- Country: Australia
- Language: English

Publication
- Published in: The Bulletin
- Media type: print (periodical)
- Publication date: 6 May 1893
- Series: Jack Mitchell stories

= On the Edge of a Plain =

Short story by Henry Lawson

"On The Edge of a Plain" is a sketch story by Australian writer Henry Lawson, featuring his recurring character Jack Mitchell. The story was originally published in The Bulletin on 6 May 1893, and was collected in While the Billy Boils in 1896. It is considered among Lawson's best Mitchell stories.

==Plot summary==
Mitchell and his mate drop their swags, and sit down in the mulga shade on the edge of a plain. Mitchell reflects about the last time he saw his family, after having been away for eight years. While he speaks, he holds a young cattle-pup, and occasionally intercuts his tale with observations about the pup's feet, or a request for a knife. With his story complete, Mitchell and his mate take up their swags, "[turn] their unshaven faces to the wide, hazy distance, and [leave] the timber behind them."

==Writing style==
"On The Edge of a Plain" is an example of a sketch story, a style of short story of which Lawson was particularly fond.

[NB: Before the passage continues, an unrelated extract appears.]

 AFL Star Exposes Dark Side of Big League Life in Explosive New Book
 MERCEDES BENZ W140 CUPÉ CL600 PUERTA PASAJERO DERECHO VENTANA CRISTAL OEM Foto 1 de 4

The story itself contains very little plot, and simply describes one particular moment in Mitchell's life.

==Reception==
"On The Edge of the Plain" has been cited as the "perfect" example of an effective sketch story. Critic John Barnes believes that the story was ahead of its time, writing that "to a modern reader of Chekhov, the art of this little story is quickly recognised, but the originality of what Lawson was doing on his own went unremarked when While the Billy Boils was published in 1896."